Kabul causes a setback for Afghan women seeking education against the odds According to Reuters

© Reuters. FILE PHOTO: A view of the entrance of Mohammad Ali Jinah Hospital, following a suicide attack at a tutoring center, in the Dasht-e-Barchi district in western Kabul, Afghanistan September 30, 2022. REUTERS/Sayed Ramin / File Photo

By Mohammad Yunus Yawar and Charlotte Greenfield

KABUL (Reuters) – 19-year-old Raihana, who wants to become a doctor, has studied until midnight in recent weeks for Afghanistan’s university entrance exam, an opportunity for women to advance their education even when they face increasing restrictions from the Taliban government.

Her painstaking preparations came to an end on Friday when a suicide attacker detonated his explosives during a practice exam in the girls’ section in a packed room at the Academy. Kaaj Education, a tutoring center in the capital, Kabul.

Raihana’s father, a shop owner, rushed her to the hospital but she did not survive.

“She always said, ‘If you have an opportunity, you shouldn’t miss it, and you have to give it your best shot.” But she didn’t know she was going to be a martyr,” said her aunt Khatera, who asked not to use her full name for fear of reprisal.

Young women like Raihana, denied the chance to attend a standard high school under the Islamic Taliban, who took power a year ago, include many of the victims of the explosion at the private center.

Neighbors whose family members, friends and neighbors have been killed, injured and traumatized have described to Reuters a violent setback for young women seeking a marriage. education against difficulties that are already difficult.

The blast hit the West Kabul area, home to many people, such as Raihana, from the Hazara minority, mainly Shi’ite Muslims in Afghanistan, with Sunnis making up the majority. Hazaras have been targeted in attacks launched by Islamic State and other groups in the past.

No one has claimed responsibility for Friday’s explosion.

“Our last hope is educational institutions,” said Sakina Nazari, a 25-year-old resident and former Kaaj school student whose family friend was seriously injured in the attack.

Girls’ high schools have been closed in most provinces, including Kabul, since the Taliban took power in August 2021. The leadership has curtailed its promise to open all schools. study in March.
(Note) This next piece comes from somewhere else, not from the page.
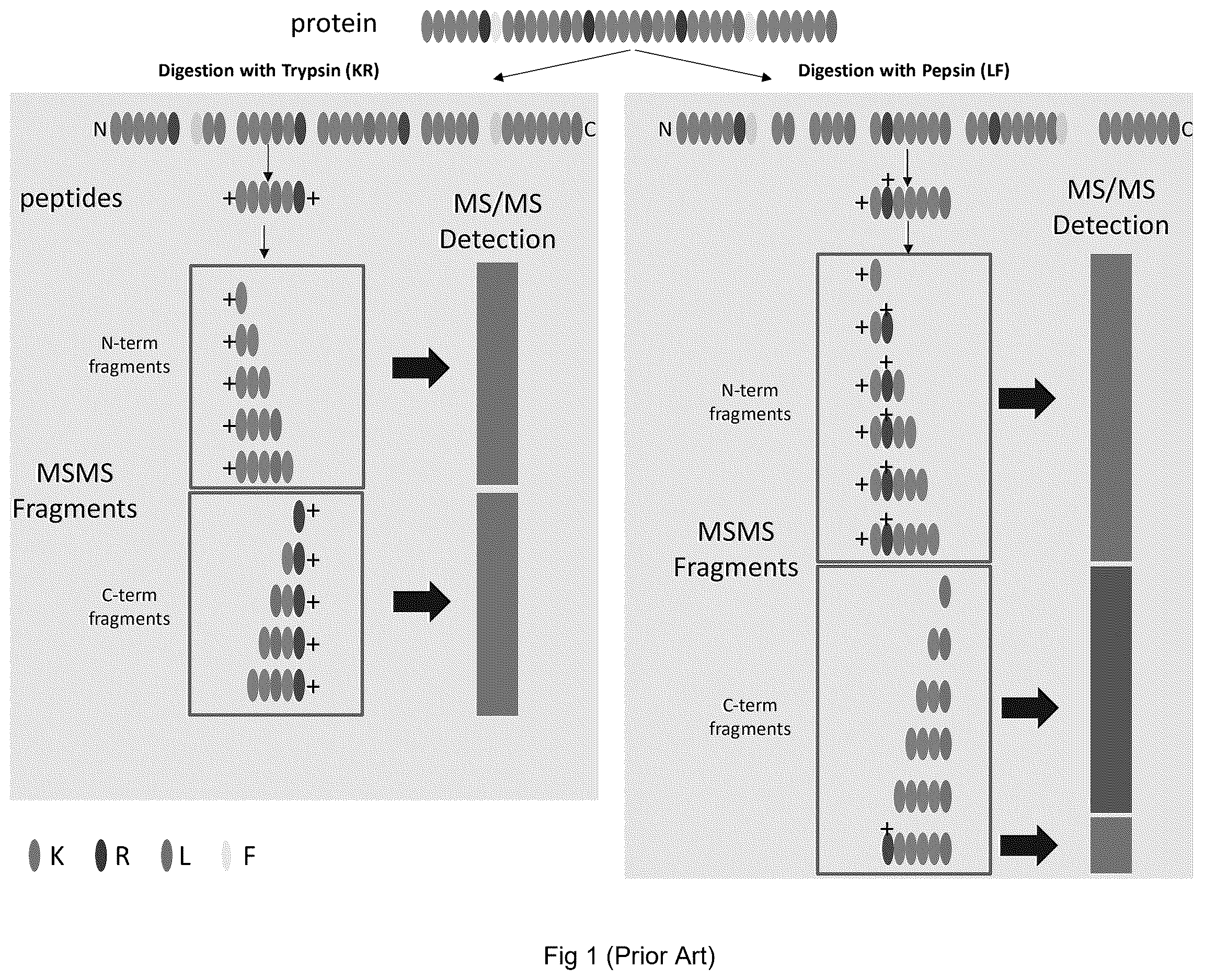 Patent US12613247 Figure 1 – Labelling method to distinguish isobaric amino acids and amino acid combinations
Tutoring centers like Kaaj have provided a lifeline for girls who want to pursue higher education and have the opportunity to enter universities, where women are still allowed to study, even though they face many restrictions and limitations. growing economic challenges.

Male students were also sitting for Friday’s mock exam, but according to a Taliban source and a witness, the attacker went to an area of ​​the classroom where the young girls sat separately from their male friends. , causing high female student casualties.

“Young women from Afghanistan’s Hazara Shia community are believed to account for (the majority) of the more than 60 killed and wounded,” the United Nations Mission in Afghanistan said in a statement. “Those responsible must face justice. The Taliban must fulfill their duty to ensure the safety of all Afghans.”

The UN mission said at least 35 people were killed and 82 injured. Police have confirmed 19 people were killed and 27 injured, but medics and Taliban sources say the toll is higher and many of the injured are in serious condition.

Taliban officials condemned the attack, saying the group would find the perpetrators and bring them to justice.

The Hazara community has been the target of a series of attacks, some by Islamic State, including under the Republic that the Taliban toppled.

“This is not the last time and this is not the first time,” said Sakina Yousufi, a volunteer education campaigner from the region. Many families, many families with modest backgrounds, who have devoted everything to educating their children during the country’s economic crisis, want their daughters to be educated but become afraid, she said.

“Many people are afraid to send their children, their daughters to a course (private education) or university,” she said. “There was a big challenge going to school… and now there’s only more of a challenge.”

Raihana’s aunt said the family swore that all children, including her sister Raihana, would go to school to avenge her death.

“They want to stop us from learning with such actions and killings, but they will never stop us,” she said.